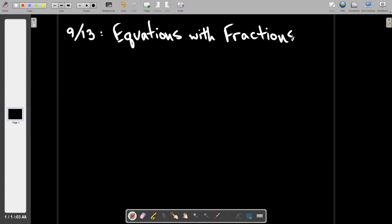Monday, because tomorrow's the weird homecoming day with the short classes and all that stuff. So I think Monday will hit the harder lesson where the fractions are in multiple places, and that's where it starts to get a little bit tricky. But anyways,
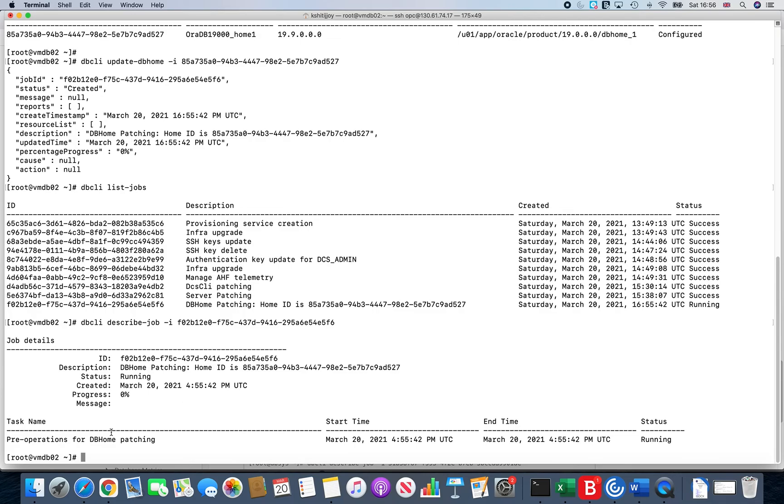Give it another 45-50 minutes and you'll see that this should complete, and then we should always just take a look at how things are in the new Oracle home. So let's give it another say 45 minutes and we revisit the video. Thanks for watching.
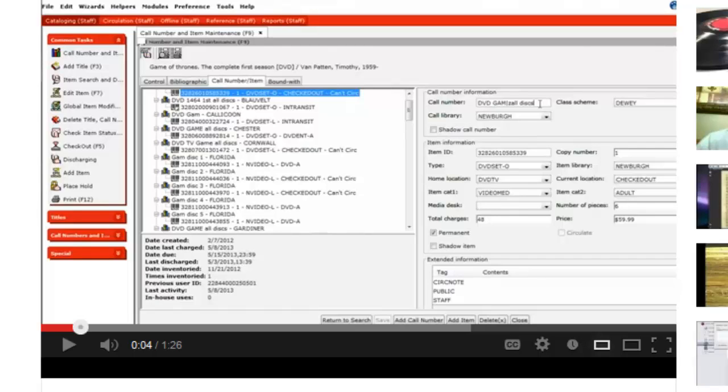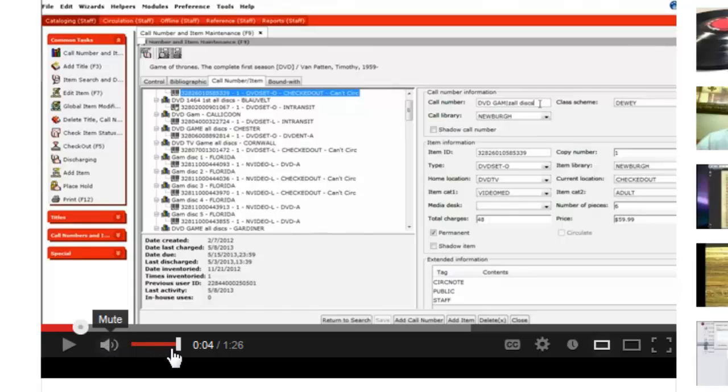Hi, this is the video that's going to help you optimize your video viewing pleasure. On the YouTube player, over here to the left, you'll see that there is the volume button.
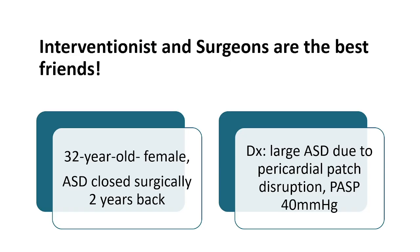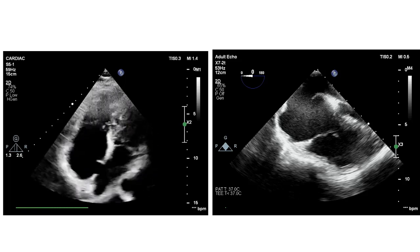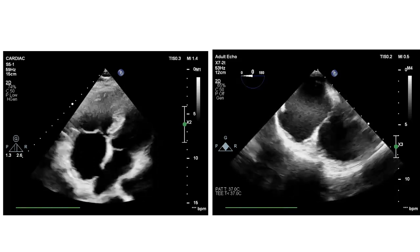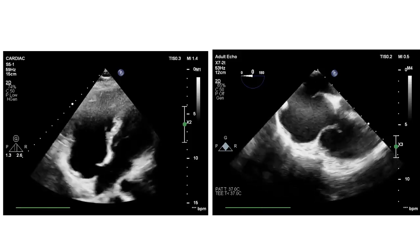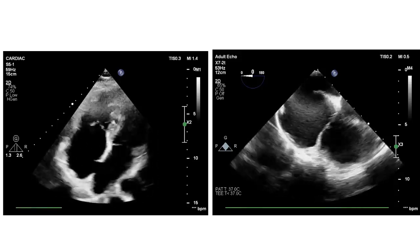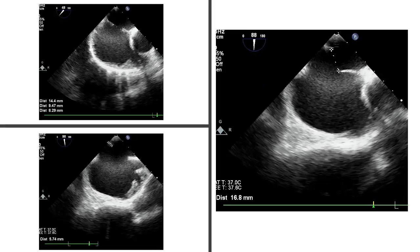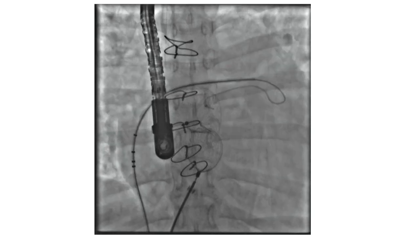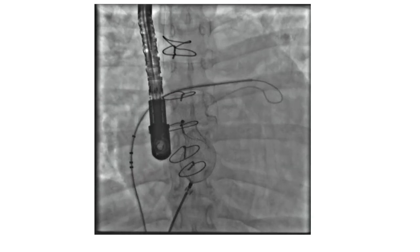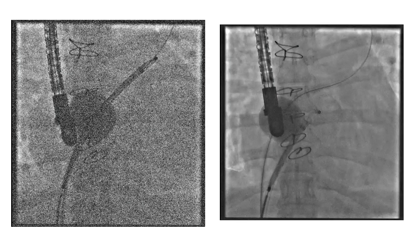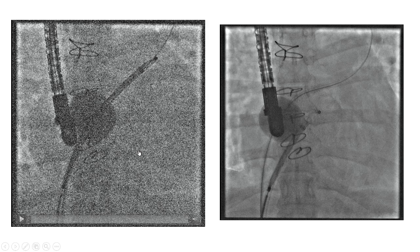The complexity of procedure: this is an unfortunate lady of 32 years who had ASD surgical closure two years back, but unfortunately there was disruption of the patch. We had some difficulties because there is malalignment of the rims, so we first tried catheter-assisted engagement but failed, then we tried the Boston Scientific Equalizer balloon.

=-=-=-=-=

**Instructions for the task**
Repeat the line that contains "Hi, this is" and each line after it, through the last line of the listing, exactly and alone; pictures stay out of the repeat.

**Solution for this task**
Hi, this is the video that's going to help you optimize your video viewing pleasure. On the YouTube player, over here to the left, you'll see that there is the volume button.
The complexity of procedure: this is an unfortunate lady of 32 years who had ASD surgical closure two years back, but unfortunately there was disruption of the patch. We had some difficulties because there is malalignment of the rims, so we first tried catheter-assisted engagement but failed, then we tried the Boston Scientific Equalizer balloon.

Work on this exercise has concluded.